*INFORMATION*
--- START ---

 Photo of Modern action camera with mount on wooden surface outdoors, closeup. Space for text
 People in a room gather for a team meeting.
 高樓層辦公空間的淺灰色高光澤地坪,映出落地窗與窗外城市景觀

--- END ---
--- START ---

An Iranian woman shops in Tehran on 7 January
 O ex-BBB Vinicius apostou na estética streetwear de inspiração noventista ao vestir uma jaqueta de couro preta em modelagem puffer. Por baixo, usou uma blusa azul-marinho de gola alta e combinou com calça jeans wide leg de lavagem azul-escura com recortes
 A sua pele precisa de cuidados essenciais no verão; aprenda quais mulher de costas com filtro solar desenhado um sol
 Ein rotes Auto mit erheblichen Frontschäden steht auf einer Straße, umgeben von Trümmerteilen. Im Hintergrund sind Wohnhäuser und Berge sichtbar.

--- END ---

*WORK TASK*
Set down, exactly as they appear above, all lines from the one that has "Photo of Modern" down to the one that has "高樓層辦公空間的淺灰色高光澤地坪,映出落地窗與窗外城市景觀", including those two and no others.

*TASK SOLUTION*
 Photo of Modern action camera with mount on wooden surface outdoors, closeup. Space for text
 People in a room gather for a team meeting.
 高樓層辦公空間的淺灰色高光澤地坪,映出落地窗與窗外城市景觀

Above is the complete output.